3.2 Manure N application to pastures, 1860–2016

Our results showed that the annual manure N application rates on pastures increased from 1.4 to 8.6 Tg N yr−1 during 1860–2016 (Fig. 3a). Manure N application rates showed rapid increases across the globe and exhibited large spatial variations, shifting the regional use from North America and Europe to Asia during the study period (Fig. 4d–f). The global average manure application rate was 5.3 kg N ha−1 yr−1 in the 1860s and roughly doubled by 2016 (10.7 kg N ha−1 yr−1) (Table 1).

Figure 4Spatial patterns of N input rates in global pastures and rangelands in 1860, 1961 and 2016: (a, b, c) N fertilizer application rates, (d, e, f) manure N application rates and (g, h, i) manure N deposition rates.

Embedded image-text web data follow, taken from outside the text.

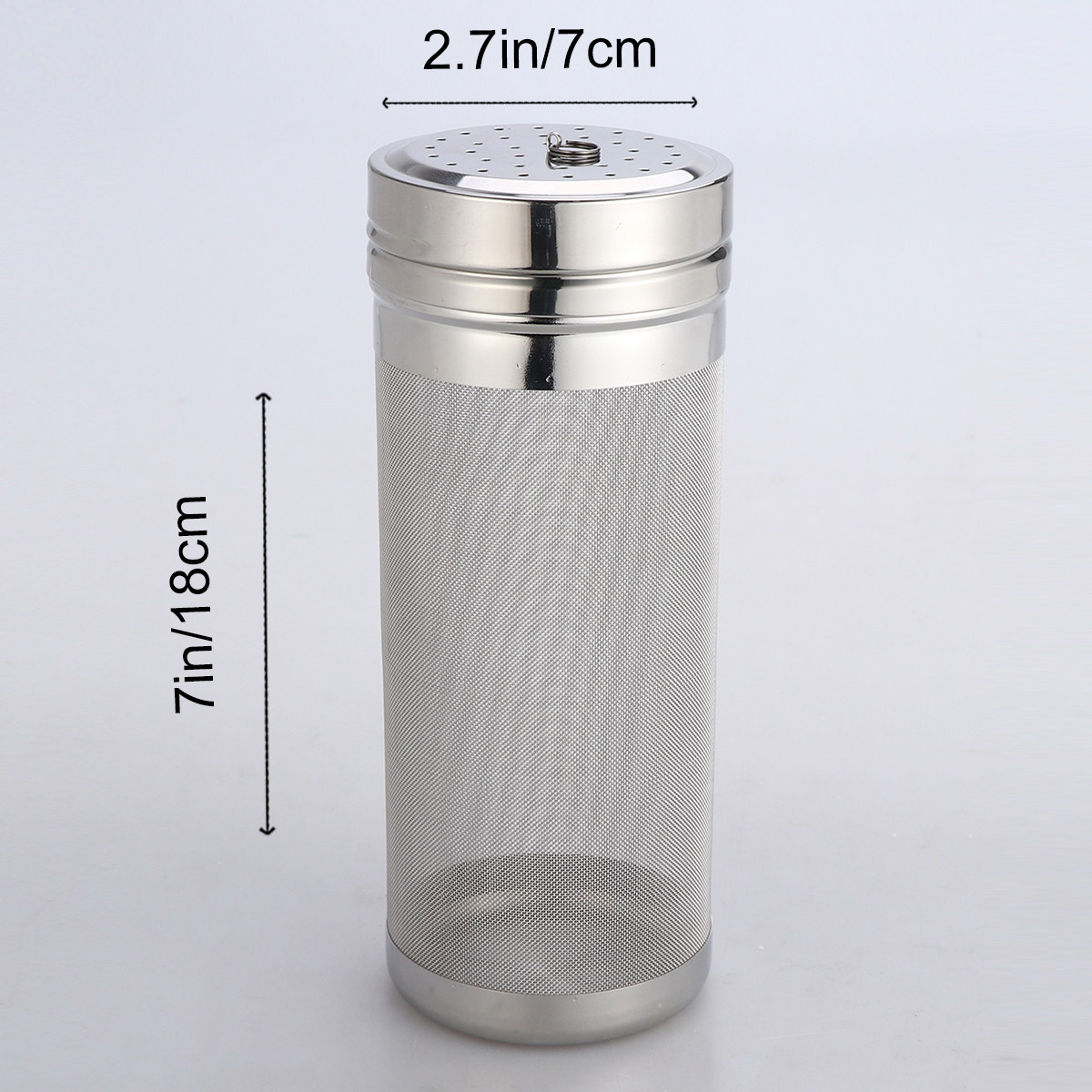 7x18cm Lebensmittelechter Edel – Wine Beer And Cider Bewertung und Preis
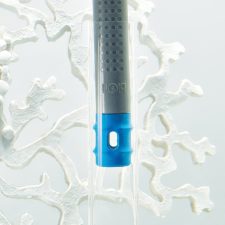 OASE Tradux Bulk Head Fitting - Image 2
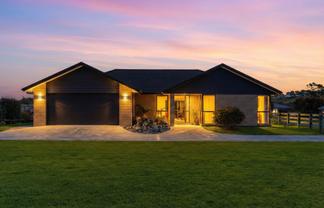 139D Mangawhai Heads Road, Mangawhai Heads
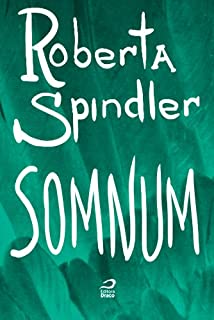 Livro Somnum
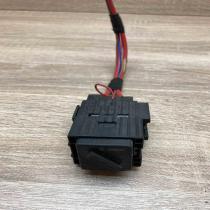 6939890  With Plug Other relay BMW 5 E60 E61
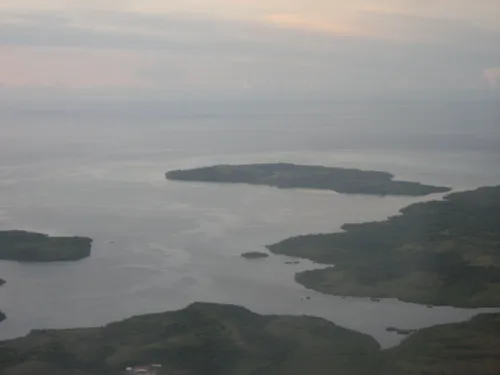Photo 312 from Yap Village, Aug–Sep 2008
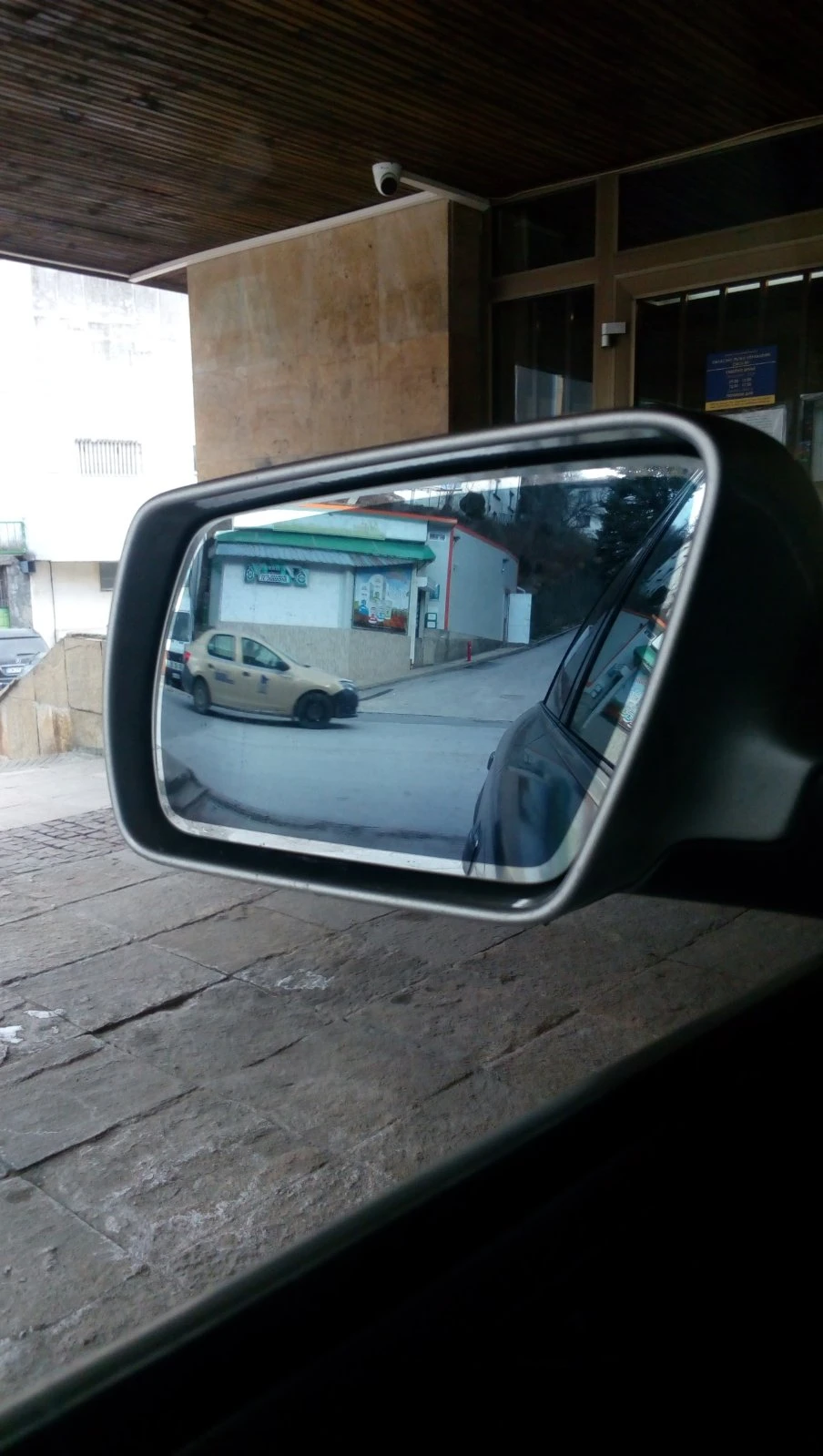 Audi A6 Allroad 3000 | Mobile.bg � ����������� 16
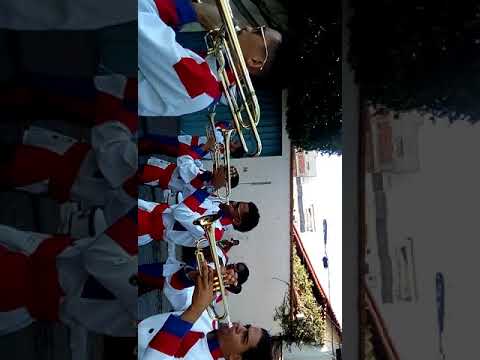 LEÕES DA BAHIA EM GUANAMBI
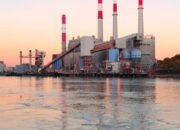 Terangi Mentawai, PLTS dan PLTBm Segera Dibangun 2024 Nanti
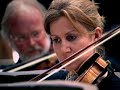 A Symphony for YouTube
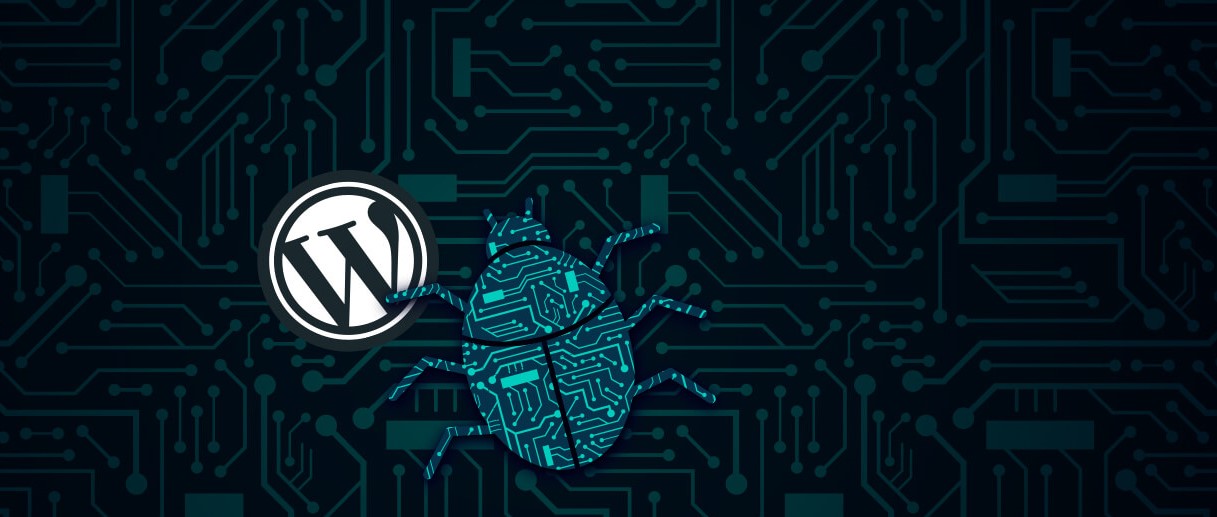 How to Fix a WordPress Site with Malware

From the regional perspective (Fig. 5b), in the 1860s Europe (0.8 Tg N yr−1) was the largest contributor and accounted for 53 %, while southern Asia (0.25 Tg N yr−1) accounted for 17 % of the global total manure N application on pastures. South and North America shared the same proportion (13 %), whereas the remaining regions only shared 4 %. Conversely during 2000–2016, manure N application on pastures in southern Asia (2.9 Tg N yr−1) was 10-fold higher than that in the 1860s and accounted for 36 % of the global total, surpassing Europe, which accounted for 28 % of the global total. Manure N application amounts in North America and South America increased, but with different magnitudes. During 2000–2016, North America accounted for 11 %, while South America accounted for 17 % of the global total. In the remaining regions, significant increases of annual manure N application on pastures also occurred, but their contributions to the global total changed only slightly (8 %) compared to the 1860s.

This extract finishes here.